Stored data entries
%%

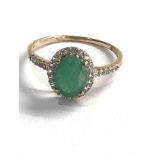 9ct gold emerald & white topaz ring weight 2.2g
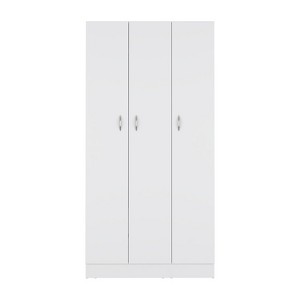 SEVOBAL Armoires Wardrobe with Three Doors Two Drawers Four Shelves and Hanging Rod for Bedroom Storage, White, 35.4"*19.7"*71.1" - 1 of 4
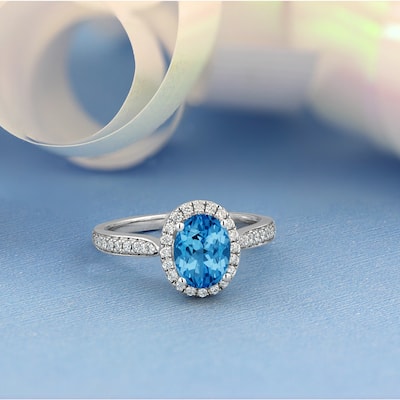 Auriya 1 9/10ct Fancy Oval Swiss Blue Topaz Halo Diamond Engagement Ring 1/4ctw 14k Gold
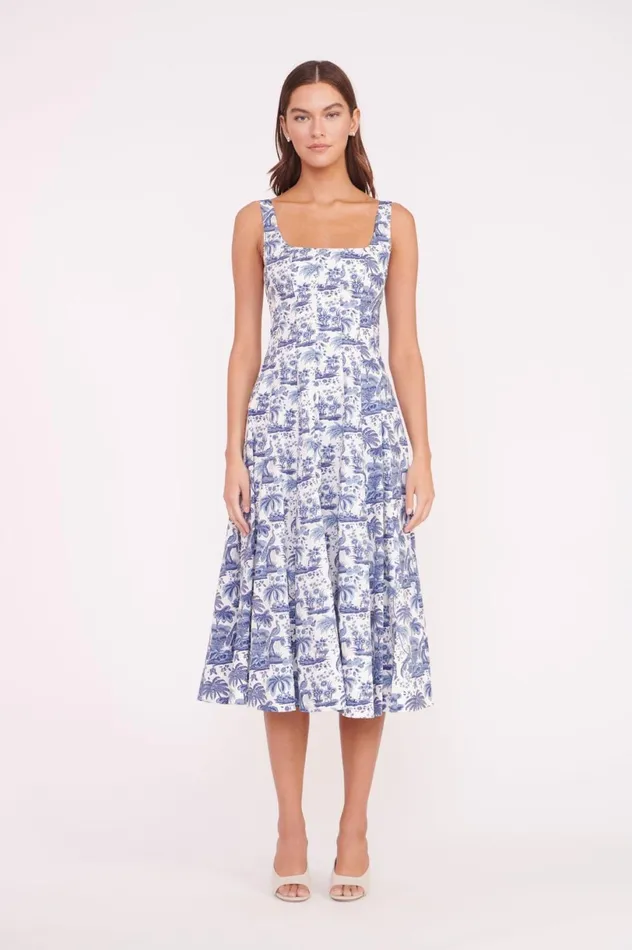 Women Dresses STAUD STAUD WELLS DRESS CHINA BLUE TOILE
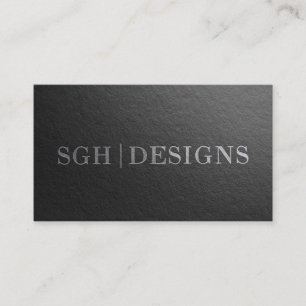 Modern designer Minimal svartvit Silver-text med i Visitkort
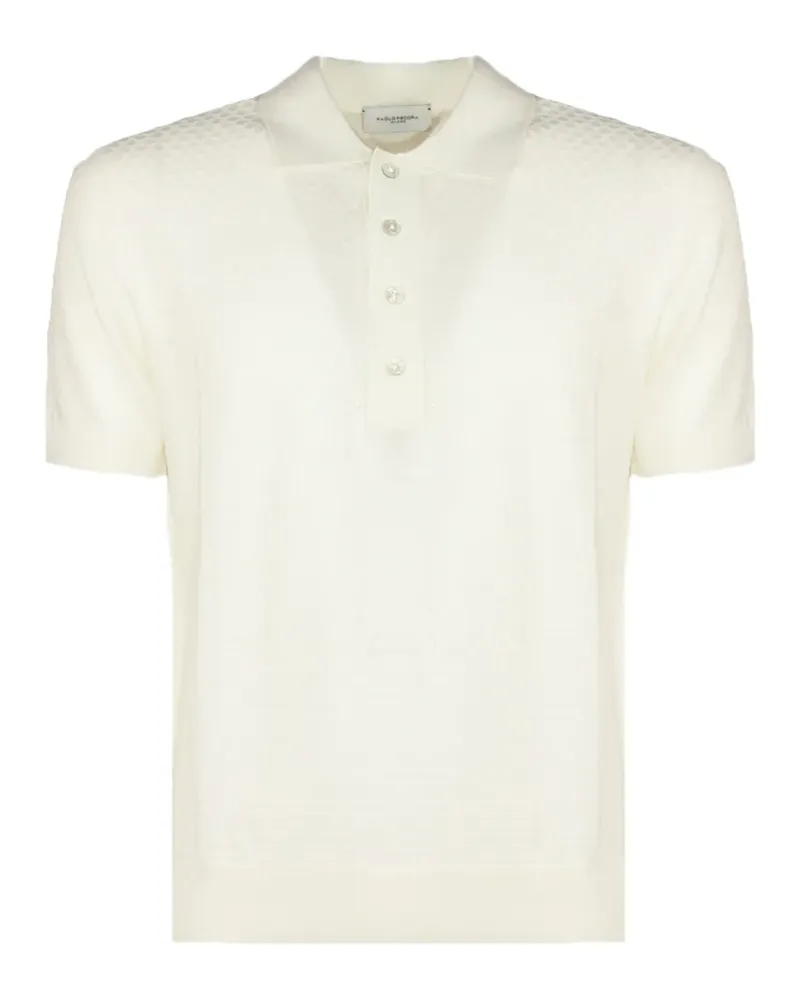 Paolo Pecora Milano Strukturiertes Poloshirt - Weiß Weiß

%%

**What is required**
Without the pictures, return all the records precisely as they stand.

**Result**
 9ct gold emerald & white topaz ring weight 2.2g
 SEVOBAL Armoires Wardrobe with Three Doors Two Drawers Four Shelves and Hanging Rod for Bedroom Storage, White, 35.4"*19.7"*71.1" - 1 of 4
 Auriya 1 9/10ct Fancy Oval Swiss Blue Topaz Halo Diamond Engagement Ring 1/4ctw 14k Gold
 Women Dresses STAUD STAUD WELLS DRESS CHINA BLUE TOILE
 Modern designer Minimal svartvit Silver-text med i Visitkort
 Paolo Pecora Milano Strukturiertes Poloshirt - Weiß Weiß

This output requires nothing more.